Before an insurance policy can be issued, the prospective insured can apply to the insurance company by:
An approximation received from Insurance company though any of the distribution channel viz. Direct/Agency/Ecommerce regarding the Premium for the requested coverage. It is also called Direct/Quick Quote.
Prospective Insured if agrees upon with the Direct/Quick Quote must apply to the insurance company through any of the available policy distribution channel viz. Direct/Agency/Ecommerce for Policy. The application contains underwriting information to help the company decide whether it should accept or reject the prospect's offer to become an insured. The application also contains Primary rating information that will help the insurance company decide how much the insured will be charged if the policy is issued.
After an agent has completed the application, he or she may have the authority to issue a binder for insurance. This is an oral or written statement made by the agent that the insured has immediate protection that is valid for a specified time.
When the application comes to the insurance company, underwriters review it for its acceptability. In addition to the application, underwriters may turn to other sources of information to help them evaluate the risk. These may include
- Inspection services viz. Carfax for Car History
- Government bureaus viz. DMV (Department of Motor Vehicle) for Motor Vehicle Report
- Financial information service organizations viz. Credit Bureaus for Credit Check
- Previous insurers viz. C.L.U.E Reports
- The company's own claim files
5.Rating:
When an insurance company agrees to issue a policy, a premium must be determined based on Rating Factors and Discounts and Surcharge.
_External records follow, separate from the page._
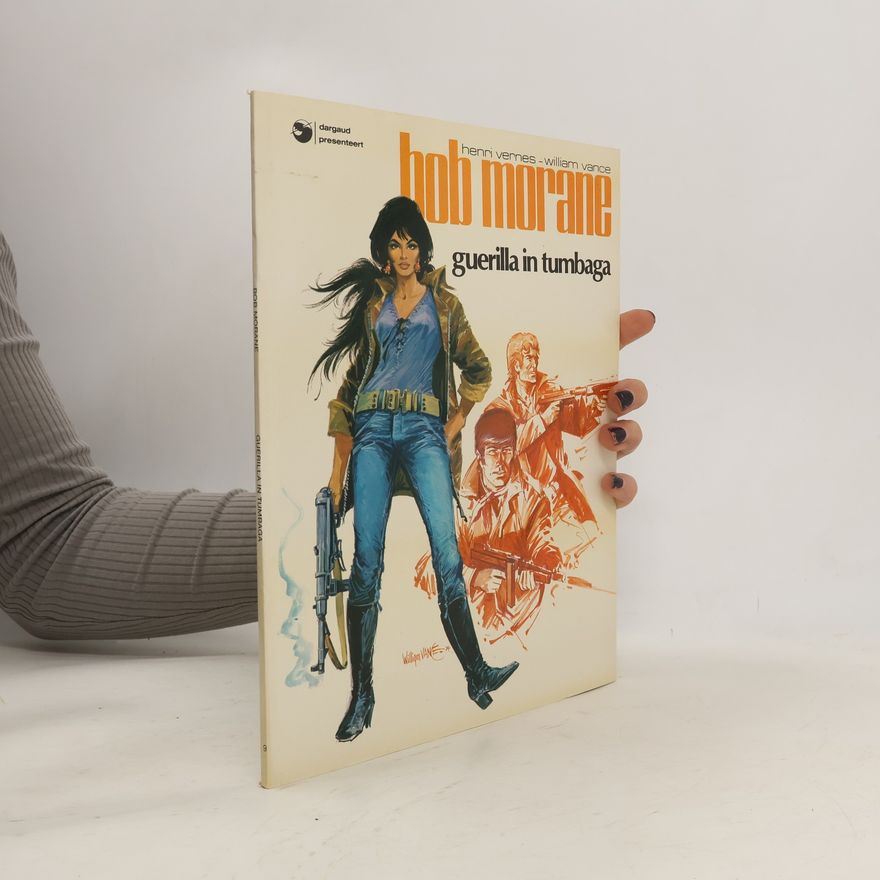 William Vance Bob Morane - 9: Guerilla in Tumbaga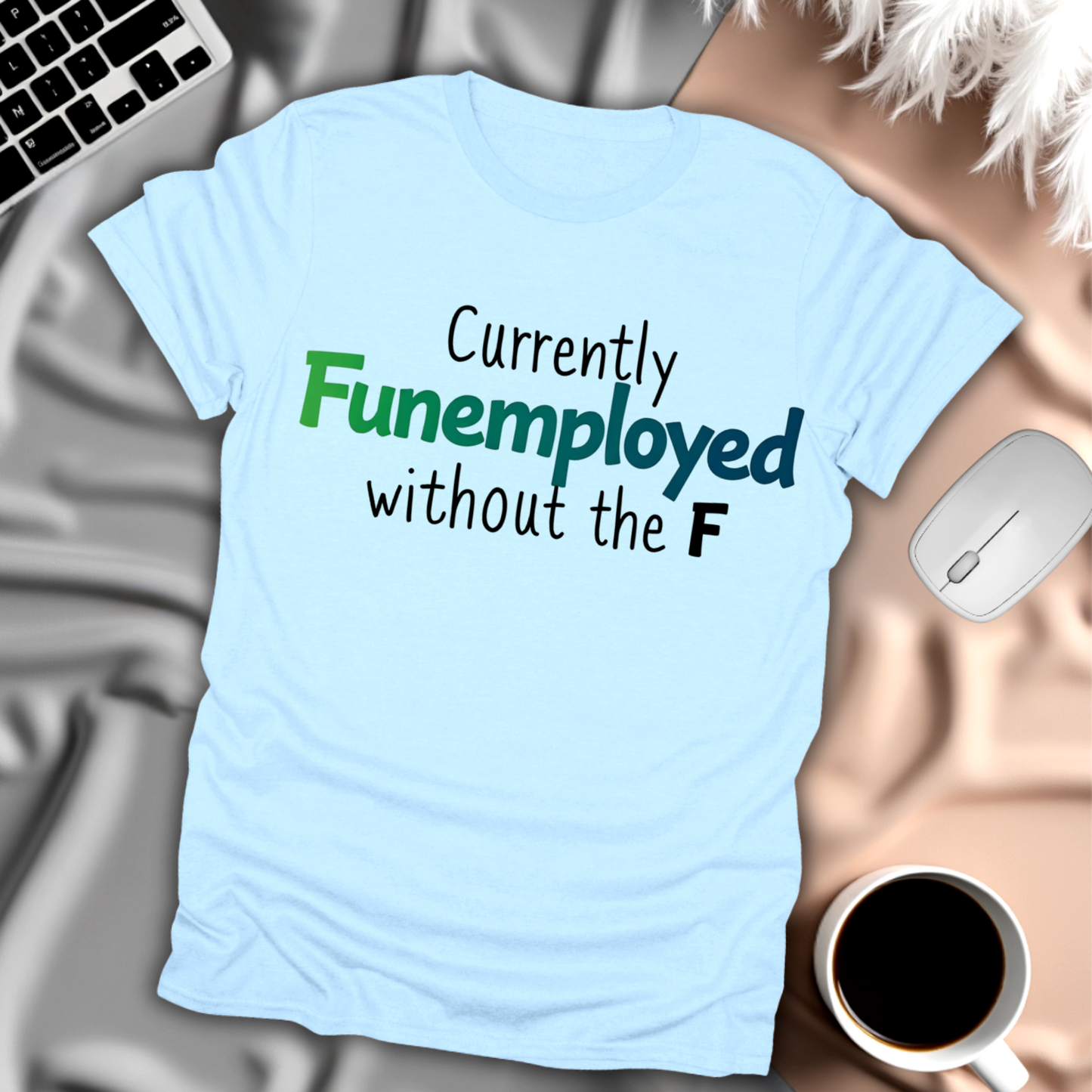 Currently Funemployed Without the F T-Shirt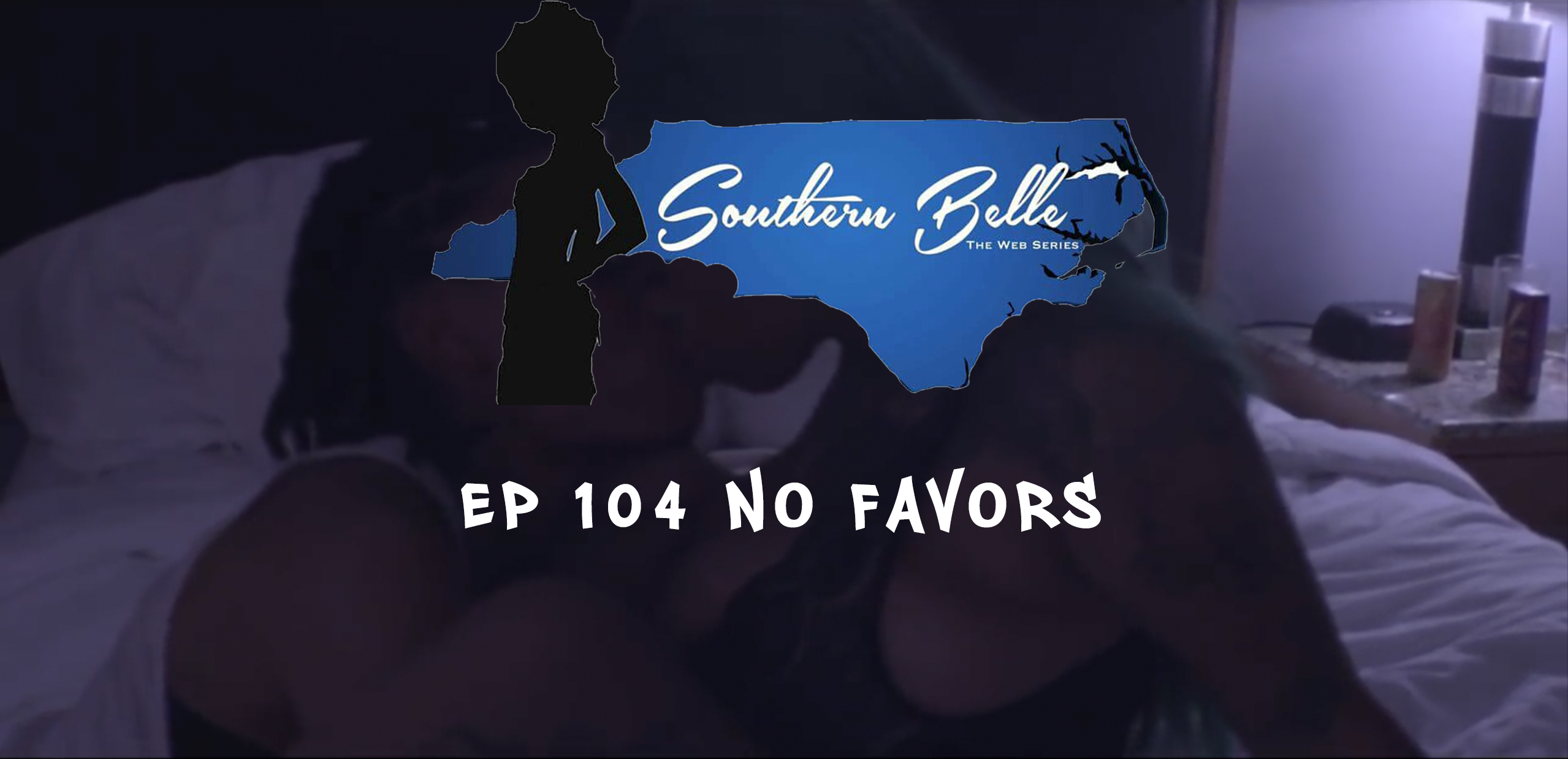 EP 104 No Favors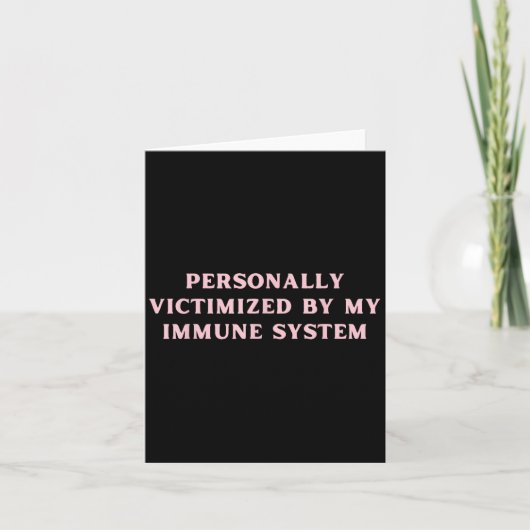 Persönlich durch mein Immunsystem chronisch geopfe Karte (Vorderseite)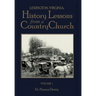 Lexington, Virginia: History Lessons from a Country Church Volume 1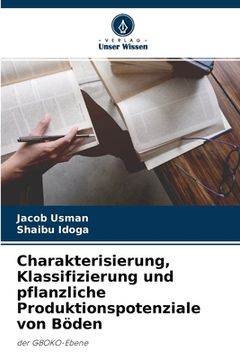 portada Charakterisierung, Klassifizierung und pflanzliche Produktionspotenziale von Böden (en Alemán)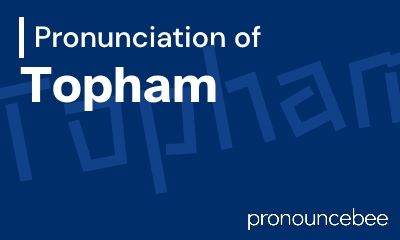how to pronounce topham feature image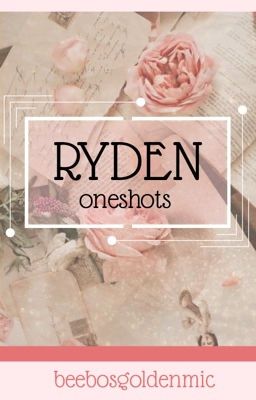 • \\ Ryden oneshots // • cover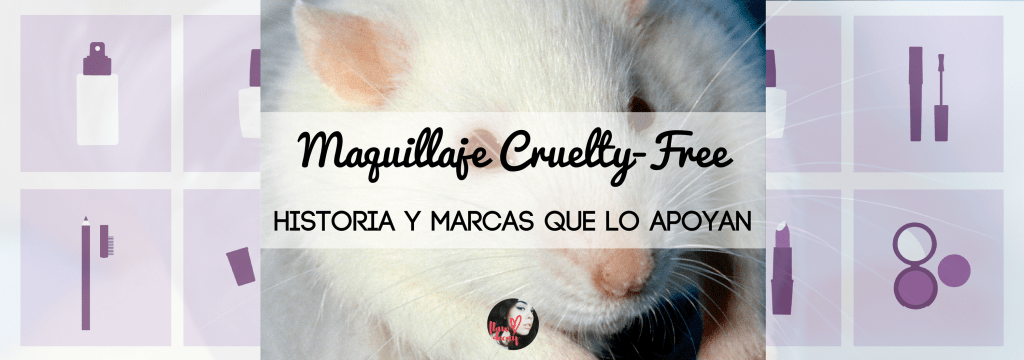 Maquillaje Cruelty-Free: Historia y marcas que lo&nbsp;apoyan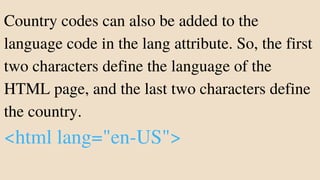 Country codes can also be added to the
language code in the lang attribute. So, the first
two characters define the language of the
HTML page, and the last two characters define
the country.
<html lang="en-US">
 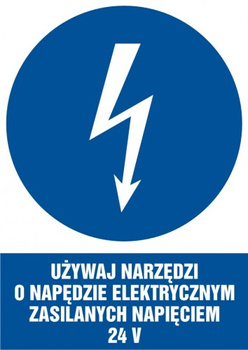Znak Używaj narzędzi o napędzie elektrycznym zasilanym napięciem 24V na płycie PCV (HE016)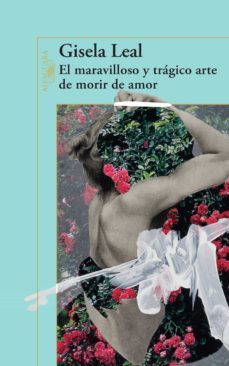 el maravilloso y tragico arte de morir de amor (ebook)-9786071137784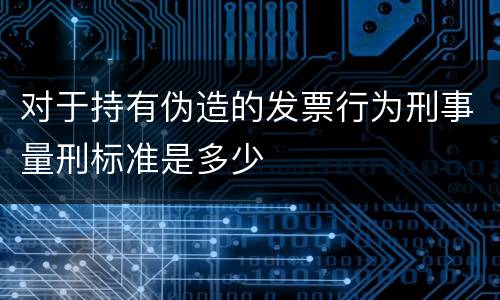 对于持有伪造的发票行为刑事量刑标准是多少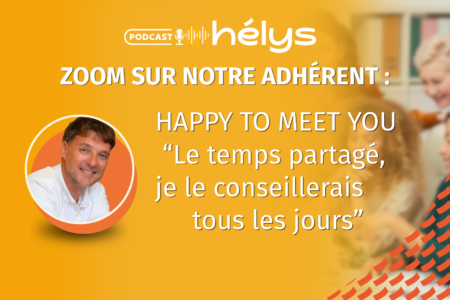 François Gougeon - Dirigeant de Happy to meet you - Témoignage sonore : le travail à temps partagé je le conseillerais tous les jours.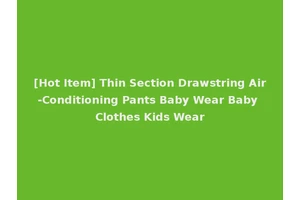 [Hot Item] Thin Section Drawstring Air-Conditioning Pants Baby Wear Baby Clothes Kids Wear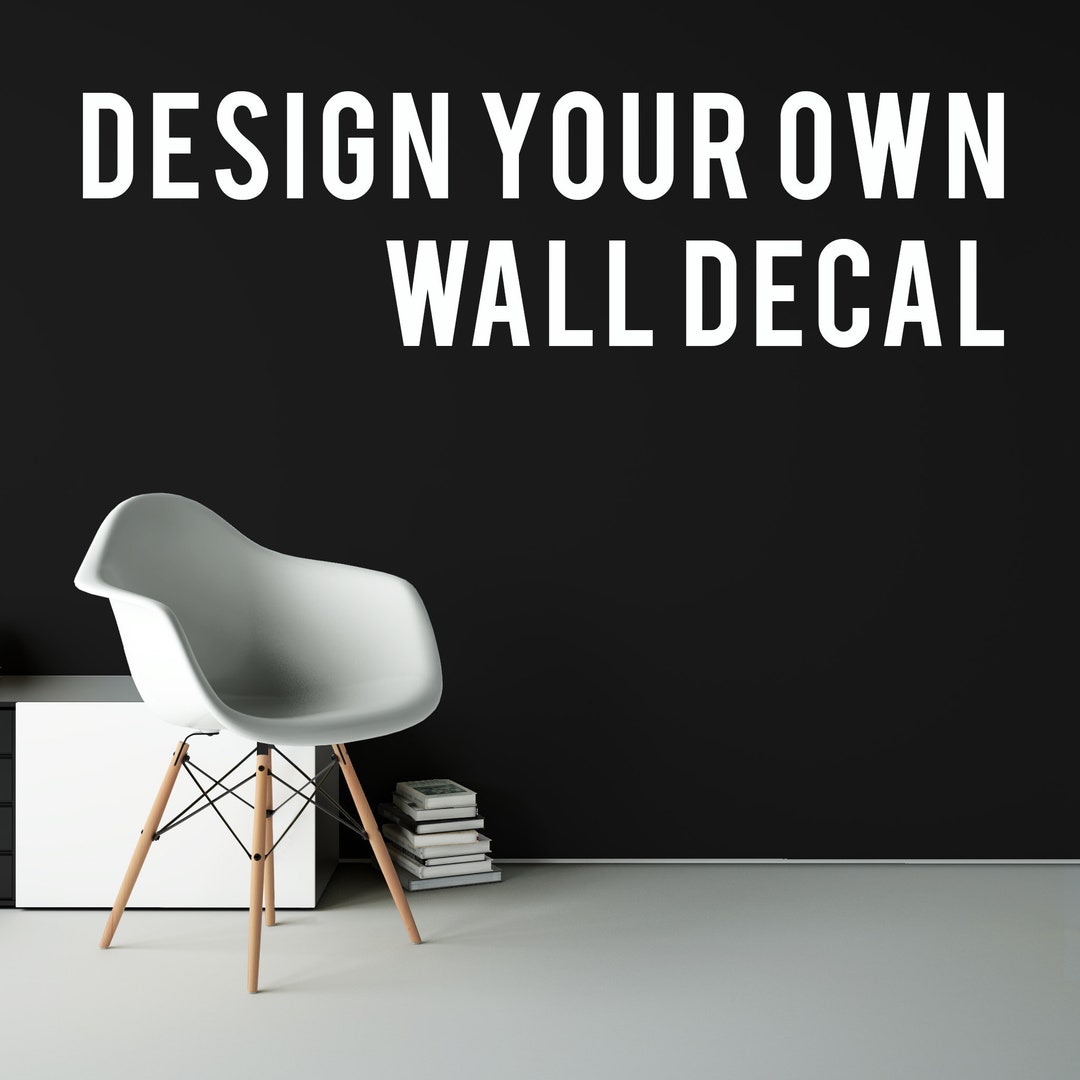 Custom Wall Vinyl Decal Sticker Your Logo Personalized Create Your Own Designs Submit Your Own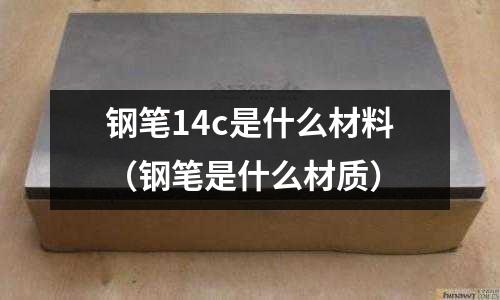 鋼筆14c是什么材料(鋼筆是什么材質)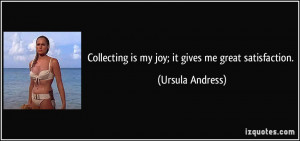 Collecting is my joy; it gives me great satisfaction. - Ursula Andress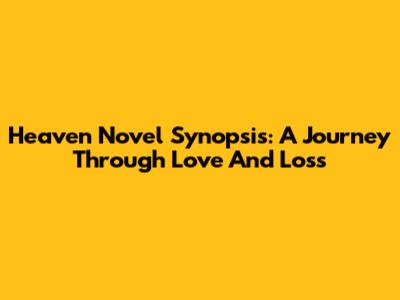 Heaven Novel Synopsis: A Journey Through Love And Loss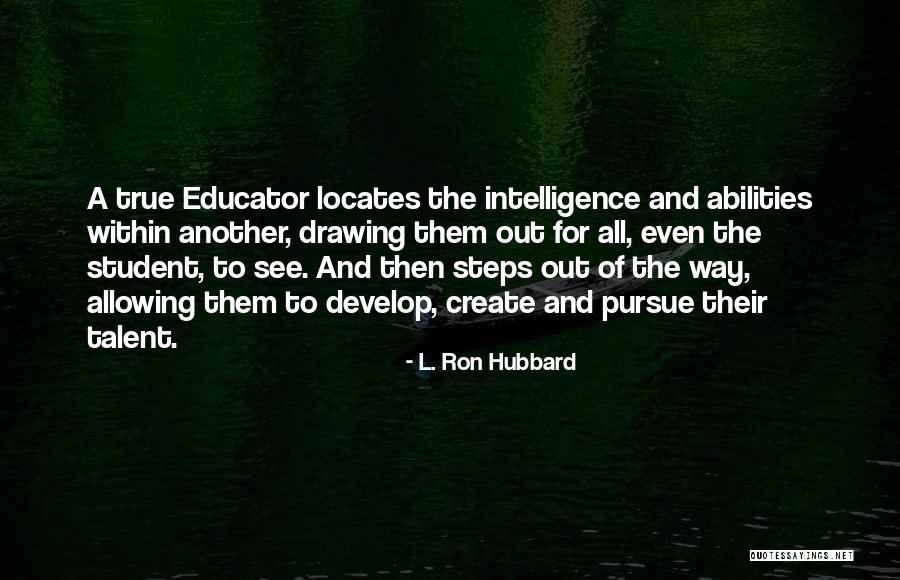 L'ron Hubbard Quotes By L. Ron Hubbard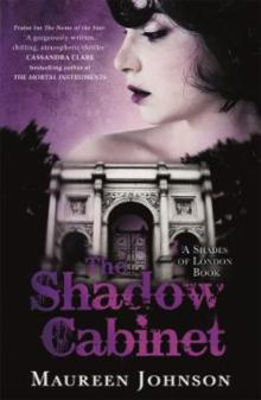 Picture of THE SHADOW CABINET : A SHADES OF LONDON NOVEL - JOHNSON, MAUREEN **** BOOKSELLER PREVIEW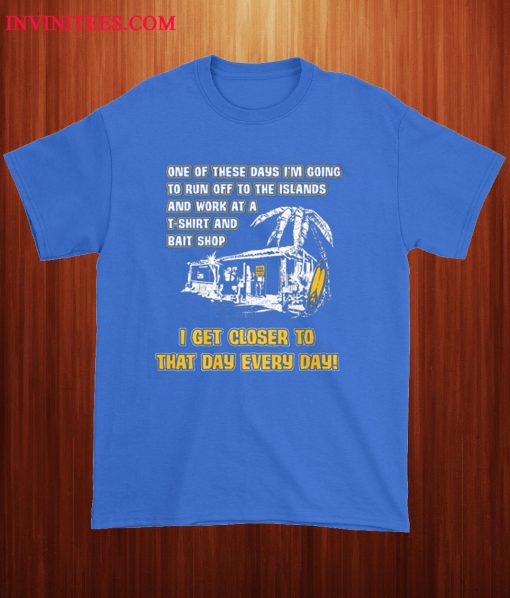 I Get Closer To That Day Every Day T Shirt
Most insurance policies are issued with a definite effective date and expiration date. The policy period or term—the time between the effective date and the expiration date—can be six months, one year, or even three years. But at times, the insured or the insurance company might want to cancel the insurance before the policy expires.The insured can cancel the policy by writing a letter to the insurance company or by surrendering the policy to the company. The insurance company returns any unearned premium; that is, any premium not yet "used up" during the policy period.